Provided data:
※

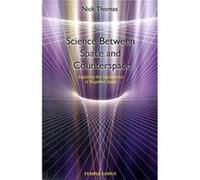 Science Between Space And Counterspace: Exploring The Significance Of Negative Space (Paperback) Nick Thomas, (Auteur)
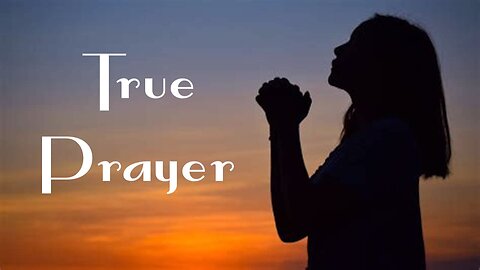 True Praying Is Not Overcoming God's Reluctance, but....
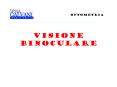 VISIONE BINOCULARE PowerPoint PPT Presentation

※

Required action:
In copying the material, drop all pictures and keep everything else identical.

Answer box:
 Science Between Space And Counterspace: Exploring The Significance Of Negative Space (Paperback) Nick Thomas, (Auteur)
 True Praying Is Not Overcoming God's Reluctance, but....
 VISIONE BINOCULARE PowerPoint PPT Presentation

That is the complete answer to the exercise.